私はそのことばに頷き、マイコさんにいっそう身を預けるようにもたれかかった。彼女はそれに満足そうに微笑み、私の頭を撫でた。


 マイコさんの家は四方を高い壁に囲まれた西洋風の屋敷で、門をくぐっただけではその全容を把握することはできなかった。玄関を開けて最初に見えた長い階段を上って二階に向かい、いくつもの扉の前を通過した末にたどり着いた奥の部屋がどうやらマイコさんの部屋のようだった。

 マイコさんが自室の扉を開けたとき、私は自分のハンカチ以上に濃い香りをその部屋から感じた。中に入ると、白を基調とした部屋の中で異彩を放つオレンジ色のミニテーブルがベッド脇にあり、そのうえには三センチに満たない大きさのビンが二、三〇個あった。それらに囲まれるような形でオイルウォーマーに使う三脚の皿が置かれており、テーブルの下に未使用のロウソクたちがビニールに包まれたままの状態で保管されていた。

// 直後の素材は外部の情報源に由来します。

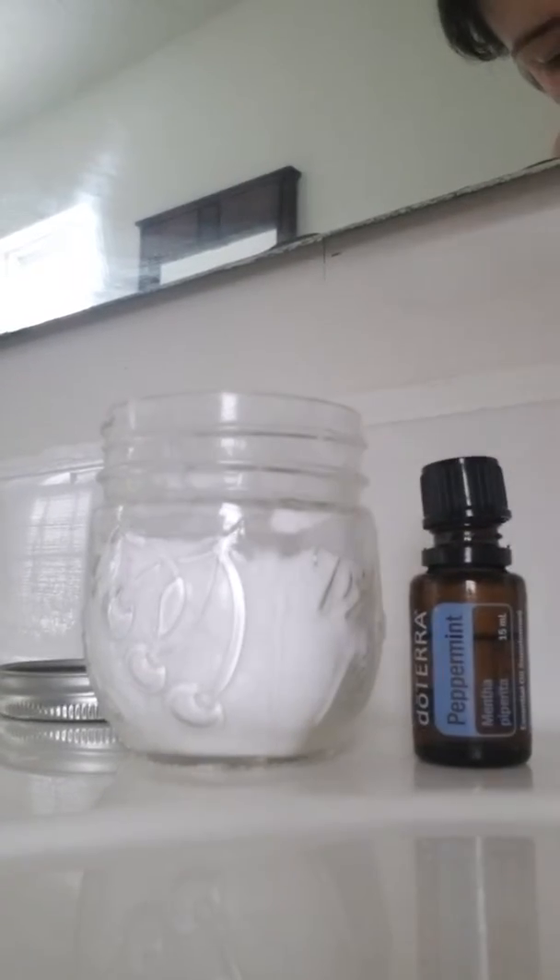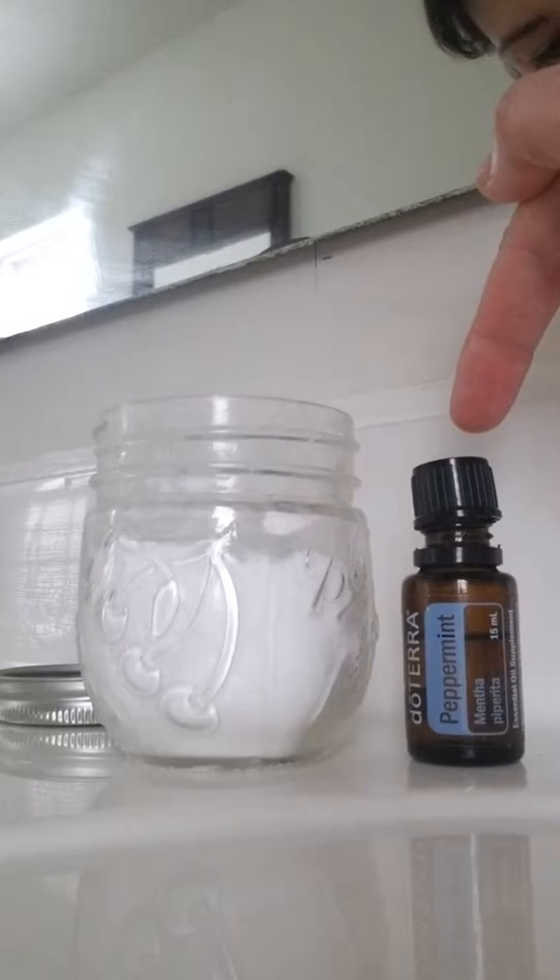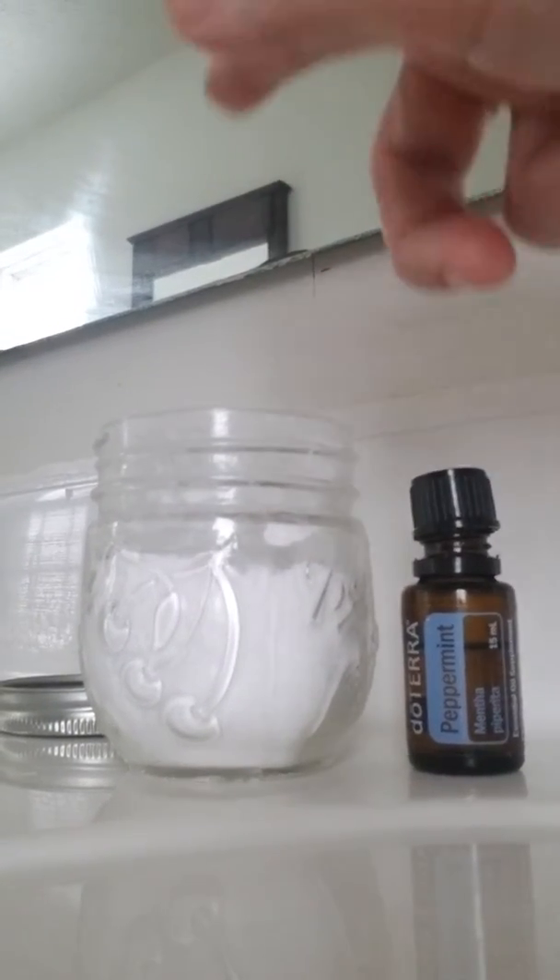Let's go on with the show — zero-waste toothpaste! I forgot one thing: check with your dentist before trying this. I did ask my dentist about this recipe and he said it was absolutely fine. All I'm going to use is baking soda and doTERRA peppermint essential oils. I'm using doTERRA because it can be consumed orally and is safe. Here are my ingredients: doTERRA peppermint oil and baking soda.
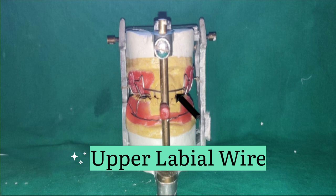The upper labial wire has a passive fit, lying in the middle of the labial surface of the anterior teeth. If active, it transmits the forces of the stretched retractor muscles onto the maxillary incisors, resulting in a change from Class 2 Division 1 to Class 2 Division 2 malocclusion.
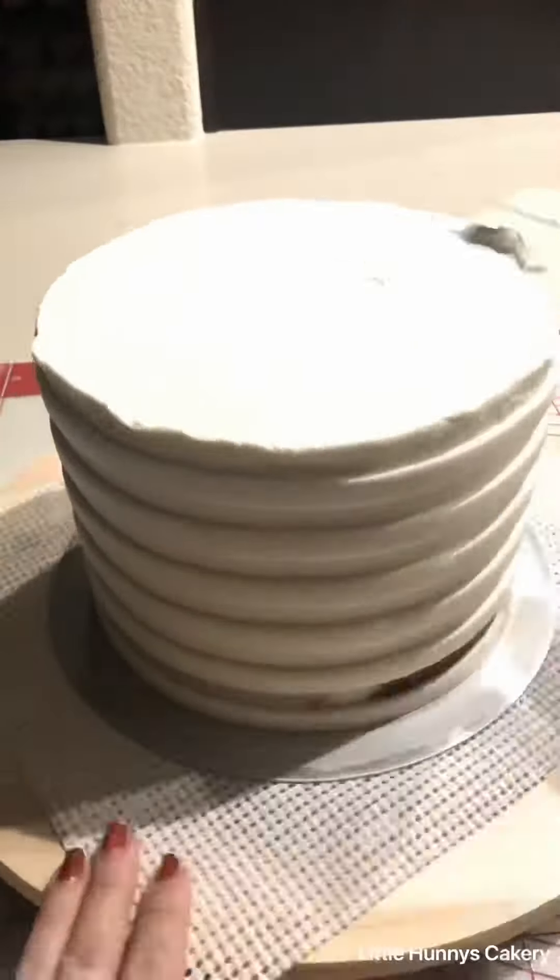Bottom tier, I add my buttercream and then I'm using the bangle comb from Esther Cakes and I just keep going over the cake until I like how it looks. If there's any gaps, fill those in, clean up the top.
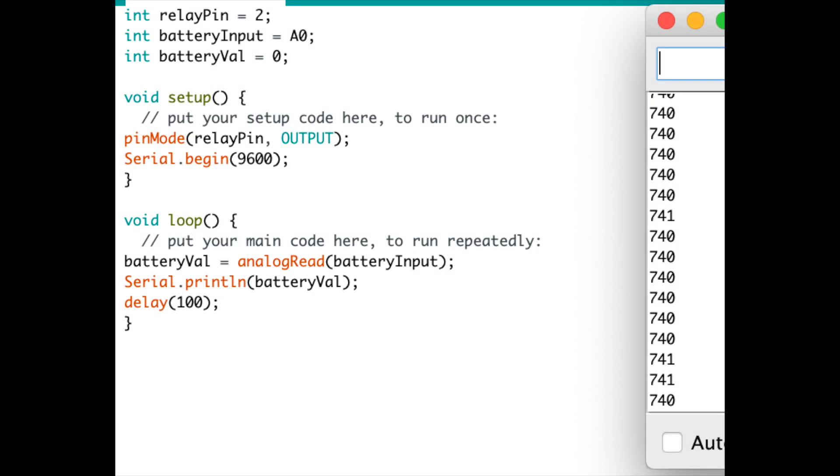I used a simple Arduino sketch: relay pin set as pin 2 (digital output), battery input as A0, and a battery value placeholder. In setup, I declare the relay pin as an output and begin the serial terminal. Running it, I attach the battery and watch what value the voltage divider puts into the A0 input. For the 20-volt batteries I was getting around 740; for the 12-volt battery I got about 420. I'll use those values to determine the threshold settings.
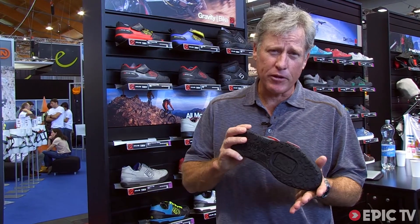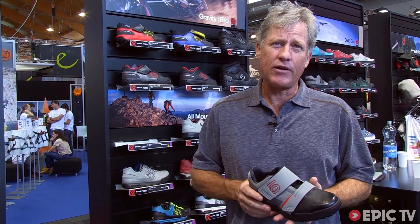It's lighter than the previous version. It's a clipless shoe, as you can see, and it retails, I believe, for 130 Euros.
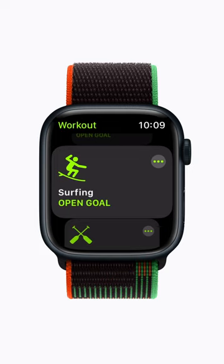Once you've added it, you can tap the More button in the upper right corner of the workout to personalize it, like setting custom goals, for example. Or just tap your workout to get started.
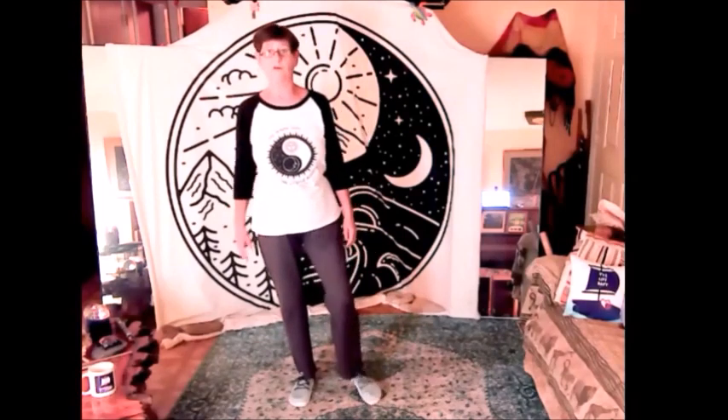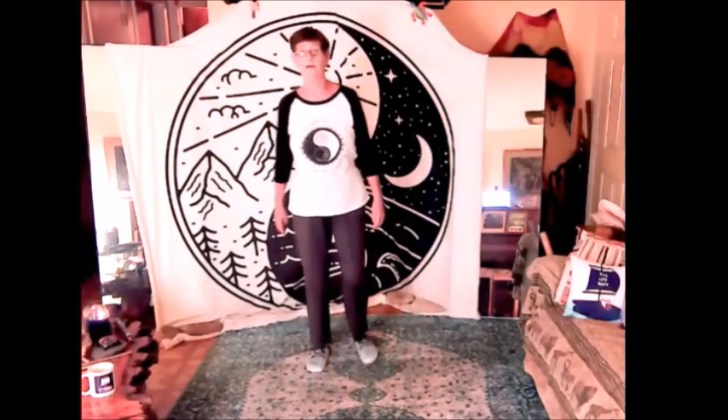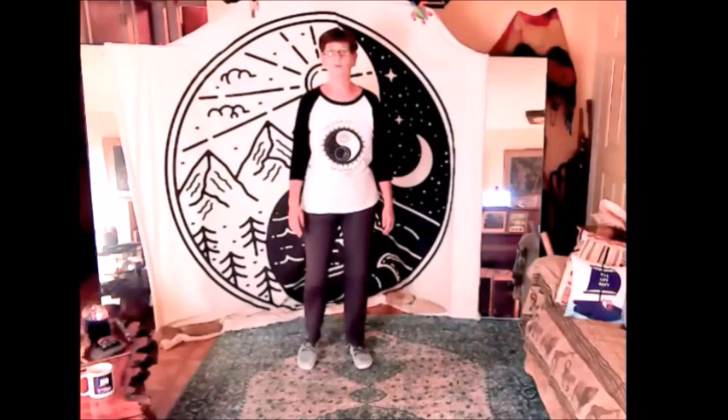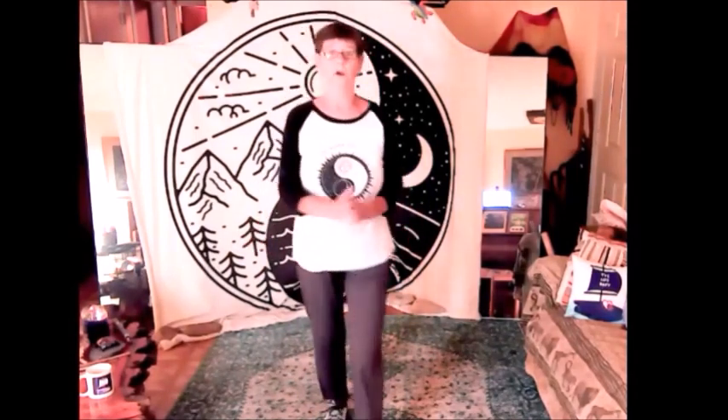They help you walk in a more natural way, which believe it or not is not so much heel-toe heel-toe, but actually more flat — where the balls of your feet and your toes kind of hit at the same time. I love them, they feel good, so I'm gonna try practicing today with my barefoot shoes on.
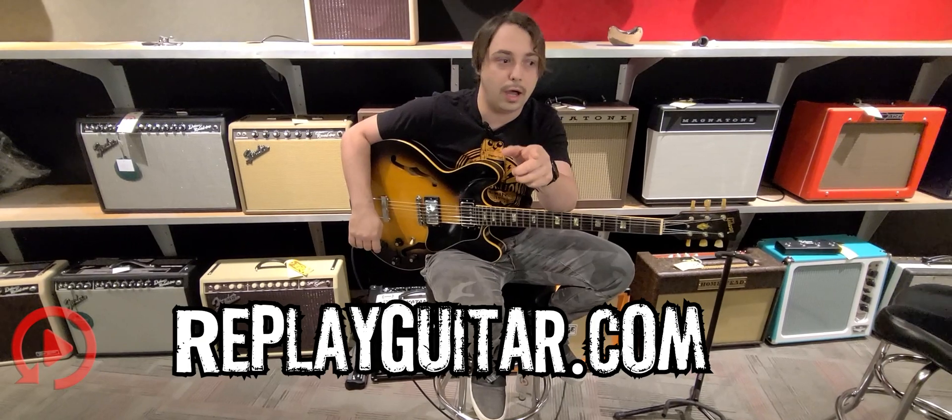The only thing that's been changed out is the bridge here. However, we still have the original bridge with the original case, which is really saying a lot right there. The case is original and that's really collectible. It's really cool to see something like that traded in, so we do still have that piece of hardware — it's in the case pocket. Original case, which is in really good condition, still got the original handle and everything.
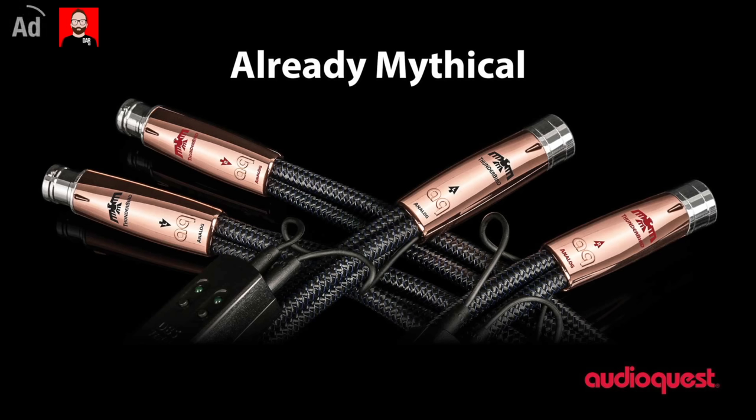This episode is brought to you by AudioQuest, makers of the mythical series Analog Interconnects. Click the link in the show notes for more information.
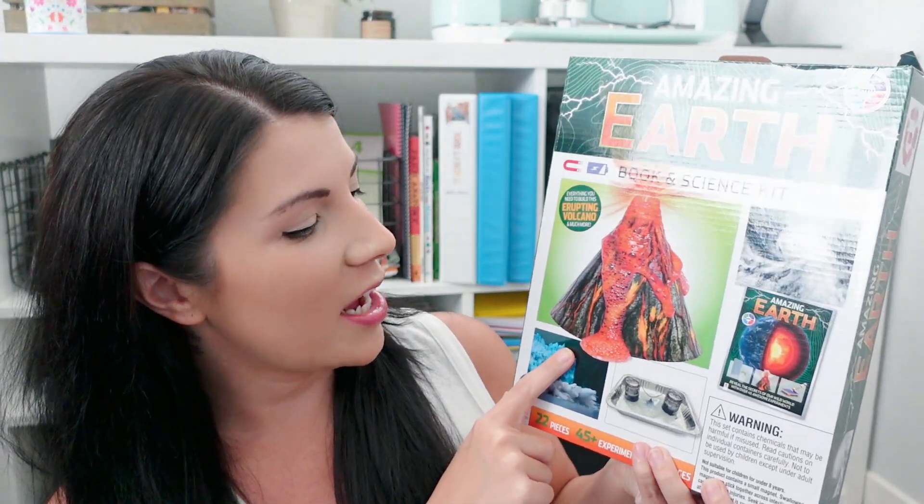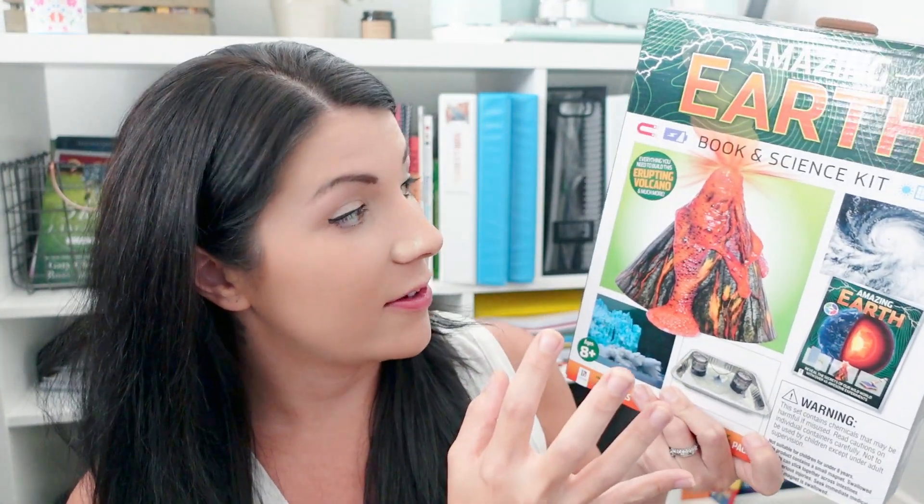I also found a kit I had bought called Amazing Earth, and it includes a complete erupting volcano kit with everything you need. My kids really want to make a volcano. If the kit doesn't have everything, you can use play-doh or clay, or buy an actual volcano kit on Amazon for around fifteen dollars. I'm going to open this up and get it ready as a fun activity.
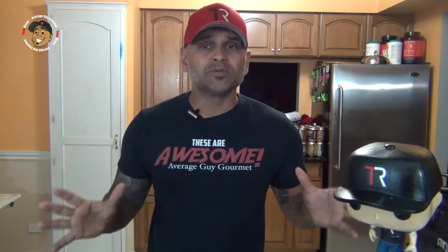Before I start I gotta ask — have you checked out my Patreon yet? Subscribing for even $1 completely helps me put out all this awesome content, so head on over, click the link below, check it out, and consider jumping on as one of my patrons. With that part out of the way, let's jump into the recipe.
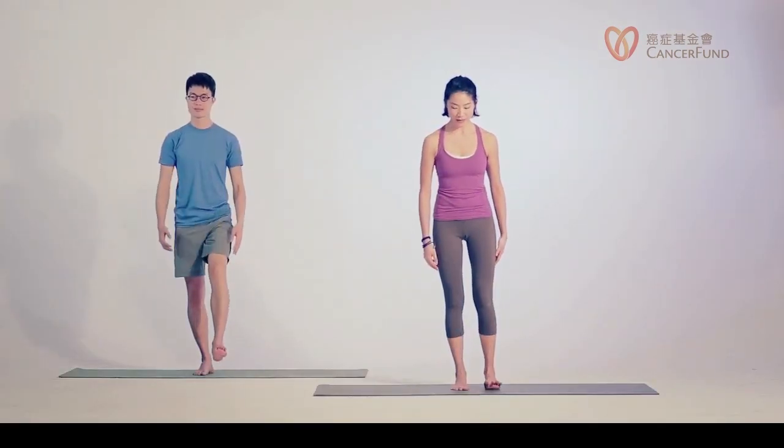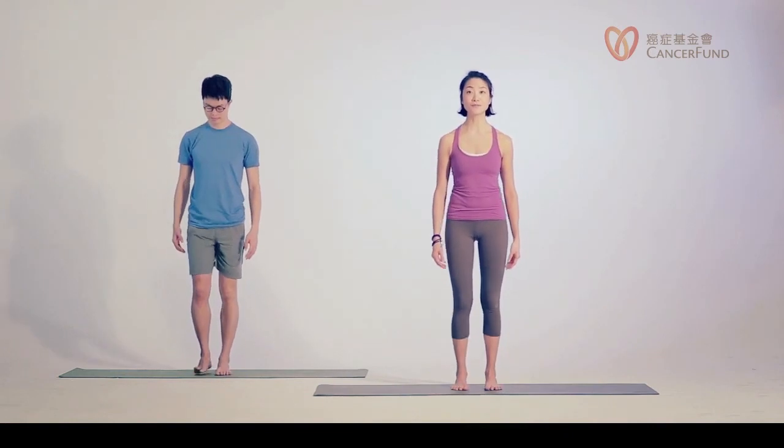Feel free to wiggle your hips and release the legs.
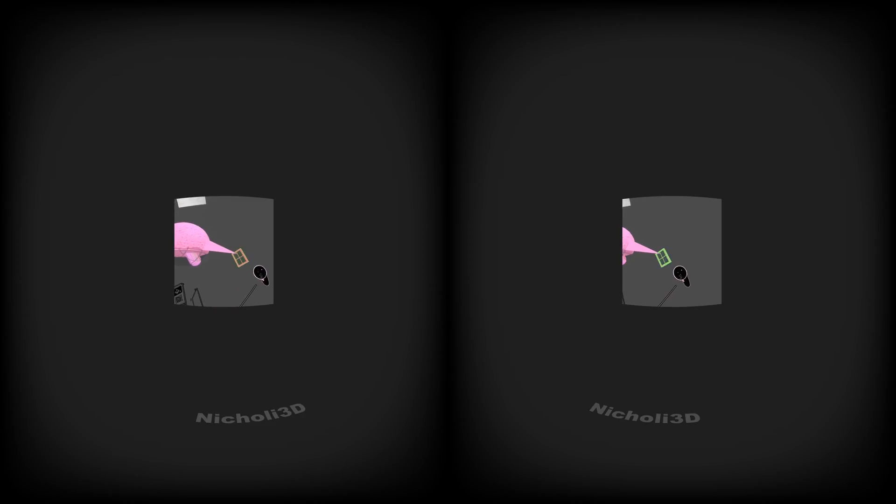How do you make that smaller? There you go. Way smaller than that. Like that. All right.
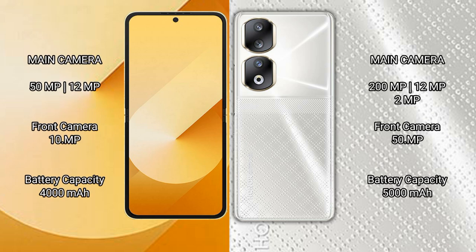Samsung Galaxy Z Flip 6 has a dual rear camera setup with a 50MP main lens plus a 12MP ultrawide lens, and a 10MP front camera. Honor 90 comes with a triple rear camera setup featuring a 200MP main lens, a 12MP lens, and a 2MP lens, plus a 15MP front camera.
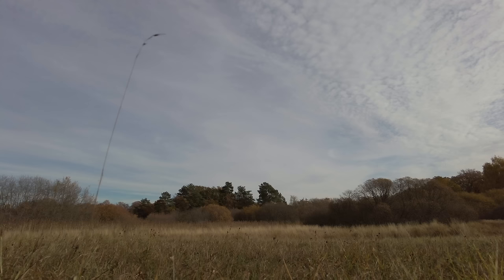Thing number three: I need to find a good way of filming myself when I'm doing wildlife photography. When I'm doing macro photography I just use my DJI Pocket 2, holding it with one hand while taking photos with the other, and it works pretty well. But that does not work as well with this heavy lens.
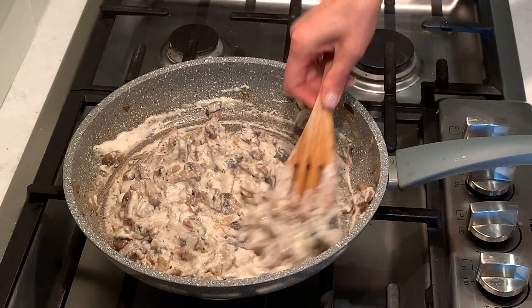If you enjoyed this video and want to see many more delicious recipes, go ahead and like, comment, and subscribe. We will see you in the next one.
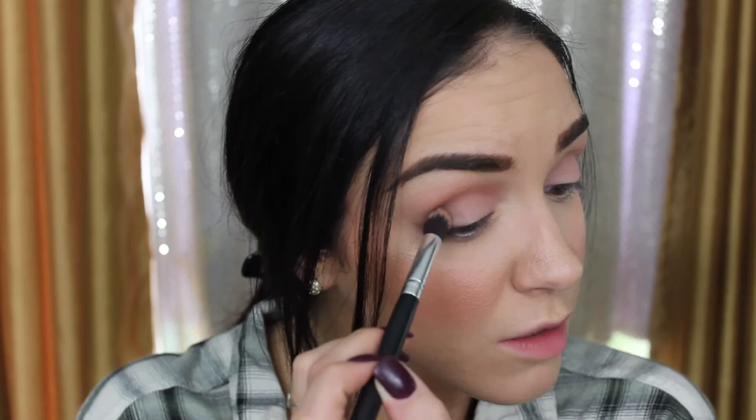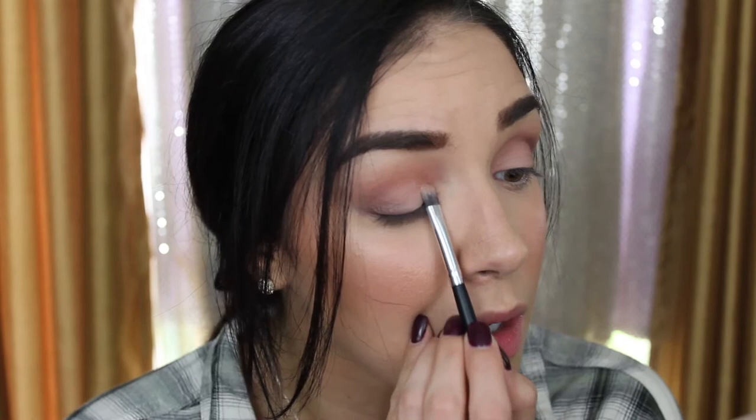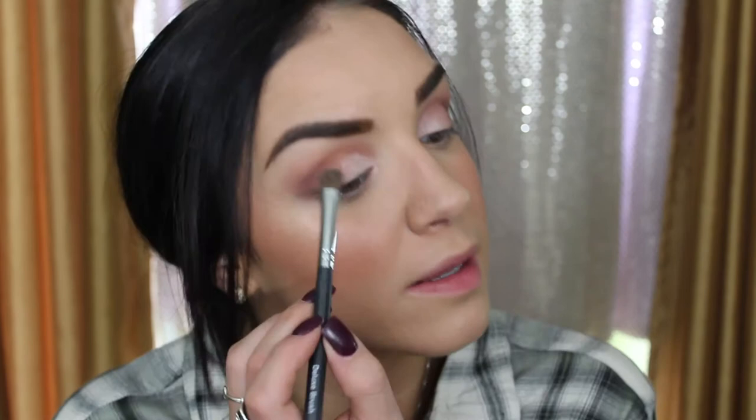The goal is soft definition in the outer corner — like soft definition without being over the top on a Monday. Then just for fun, since this is a matte palette but I love a little shimmer, I'm going to take this NYX single eyeshadow called Girl Talk — perfect for back to school! — and add that right in the very inner corner. Finally I'll go back in with that first transition shade to blend over the lid and marry the matte and shimmer colors together.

「イランイランを焚きましょうか。そうね、それがいいわ。一度換気するから、どこでも好きな場所に座っていて」

 マイコさんが観音開きの窓を開けて換気の準備をしている間、私は精油のビンたちに近づき、それらに貼られているラベルを見た。サンダルウッド。これがあの白檀だろう。ラベンダー。これは私でも知っている植物だ。イランイラン。その隣にはイランイラン・エクストラというものがあり、どちらを使うのか私には分からなかった。両方のビンを手に取り、見比べてみても大差ない。

「エクストラのほうが上質で、いっそう濃厚なのよ」

 マイコさんは前かがみになって私の肩ごしに手元を覗き込んでいて、驚いて振り返った私を見て笑った。

「今日は特別に、エクストラのほうを使いましょうか」

 私がイランイラン・エクストラのビンをおずおずと差し出しても、彼女はそれを受け取らなかった。

「すこし、準備が必要なの」

 マイコさんはそう言って、オイルウォーマーの皿を持って、部屋から出ていった。その間に私はビンの蓋を開け、試しに香りを嗅いでみた。白檀よりも濃厚で甘く、熟れた果物のような南国風の官能的な香りだった。私はたったひと呼吸分の刺激で頭がくらくらとするようなしびれを感じ、ビンを取り落としてしまう前に蓋をして元に戻した。

「あら、開けてしまったの?」

 部屋に戻ってきたマイコさんの手には、水を張った皿があった。それをテーブルの上に置き、三脚の真下に直径二センチ程度の円柱型のロウソクを置いた。

「艶やかな趣のある香りでしょう? 私もお気に入りなのよ」

 マイコさんはビンの蓋を開けて香りを楽しんだあと、水を張った皿に五滴ほどオイルを垂らした。そして、机の引き出しからマッチを取り出して着火し、ロウソクに火を灯した。

「温まるまですこし時間はかかるけれど」

 そう言ってマイコさんはカーテンを閉めて部屋の明りを消した。すると、ロウソクの火だけが部屋で唯一の光源になり、なんともいえない大人の雰囲気を醸し出した。

「なんで、明かり……」

「顔が見えないほうが話しやすいこともあるわ」

 マイコさんは私の隣に寄り添うように座り、私の腰に手を回し、私を抱き寄せた。